The eigenvalue corresponding to \(V_2\) is \(\lambda_2 = 0\).

Exercises

Exercise 1: Determine the eigenvalues and corresponding eigenvectors of the following matrix by considering the transformation that it represents. Check your answers with a computations.

\((a)\)

\[\begin{split} \begin{equation} A = \left[ \begin{array}{cc} 1 & 0 \\ 0 & -3 \end{array}\right] \end{equation} \end{split}\]

\((b)\)

\[\begin{split} \begin{equation} B = \left[ \begin{array}{cc} 1 & 1 \\ 0 & 1 \end{array}\right] \end{equation} \end{split}\]

\((c)\)

\[\begin{split} \begin{equation} C = \left[ \begin{array}{cc} \cos(\frac{\pi}{2}) & -\sin(\frac{\pi}{2}) \\ \sin(\frac{\pi}{2}) & \cos(\frac{\pi}{2}) \end{array}\right] \end{equation} \end{split}\]

\((d)\)

\[\begin{split} \begin{equation} D = \left[ \begin{array}{cc} -0.6 & -0.8 \\ -0.8 & 0.6 \end{array}\right] \end{equation} \end{split}\]

Exercise 2: Find the eigenvalues and the corresponding eigenvectors of the following matrix \(R\) that represents the reflection transformation about the line \( x_1 = x_2 \).

\[\begin{split} \begin{equation} R = \left[ \begin{array}{cc} 0 & 1 \\ 1 & 0 \end{array}\right] \end{equation} \end{split}\]
## Code solution here

Exercise 3: Find a matrix that represents a vertical and horizontal stretch by a factor of \(2\).

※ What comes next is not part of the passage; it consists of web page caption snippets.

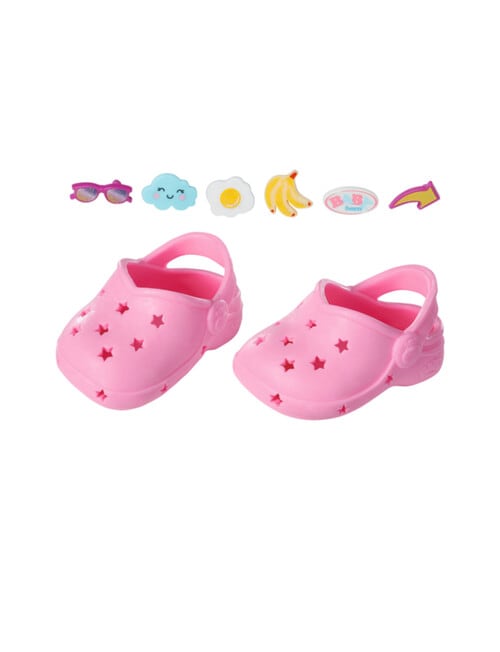 Baby Born Shoes with Pins, 43cm, Assorted product photo View 05 L
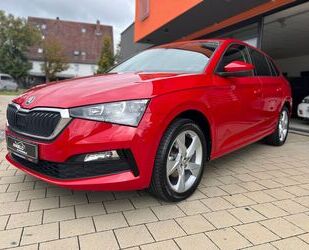 Skoda Scala Gebrauchtwagen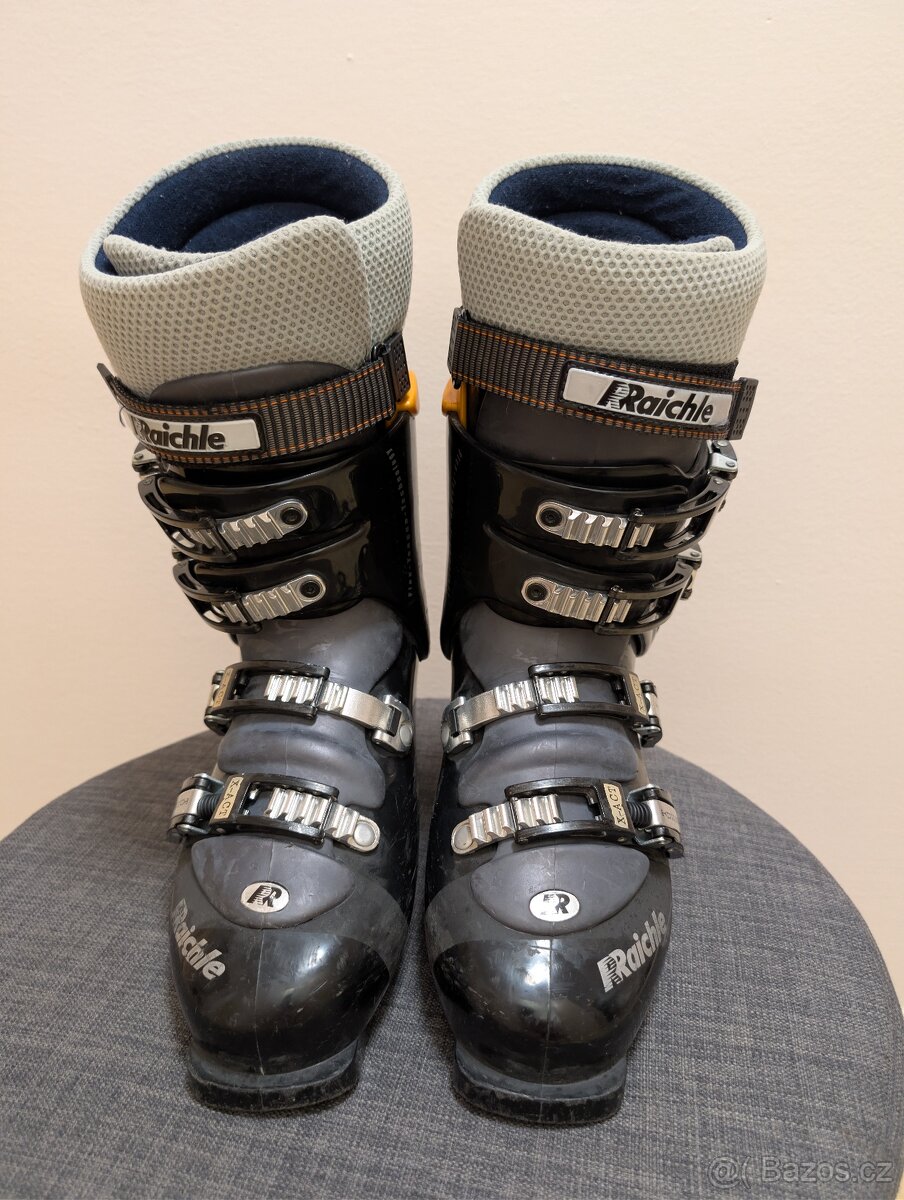 Raichle lyžařské boty 43 - 2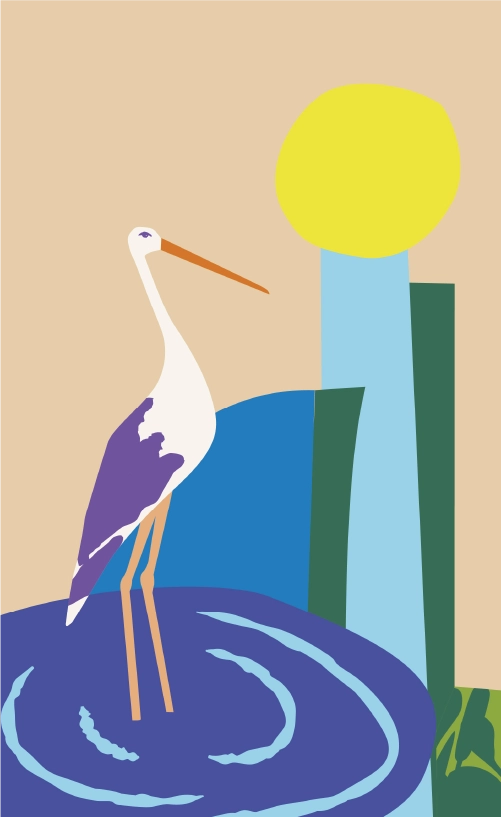 recherches visuel aytre_2-camille garnier recherches graphique affiche voeux aytré 2026 par camille garnier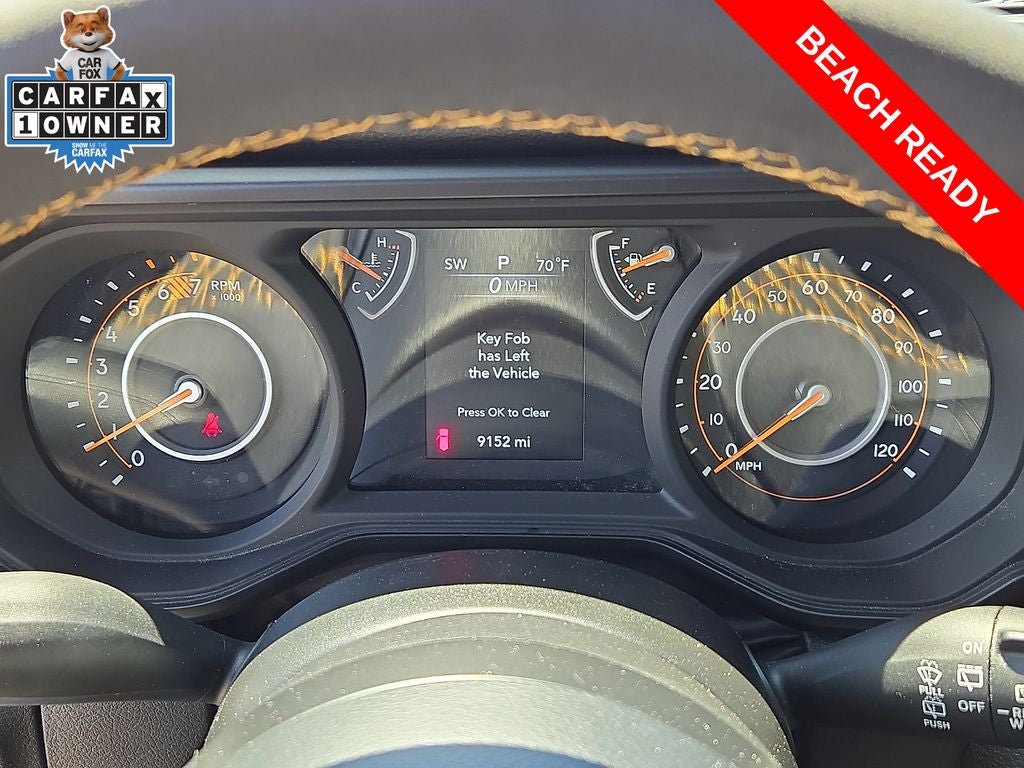 2024 Jeep Wrangler 2-Door Sport S 4x4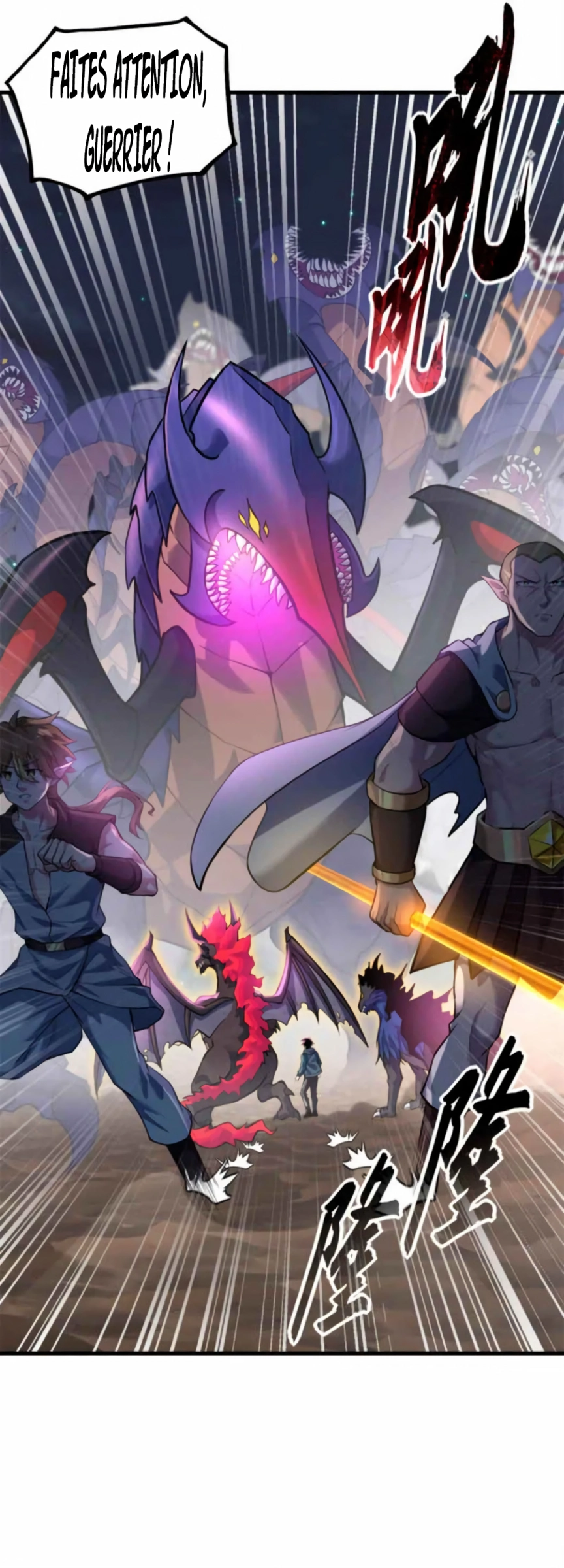 Read Astral Pet Store FR Manga Online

Then, find the eigenvalues and the eigenvectors associated with those eigenvalues. (You may have to take a look at the Planar Transformations section Planar Transformations).

## Code solution here

Exercise 4: Find a matrix that represents reflection about the \(x_1-\)axis and find its eigenvalues and eigenvectors.

## Code solution here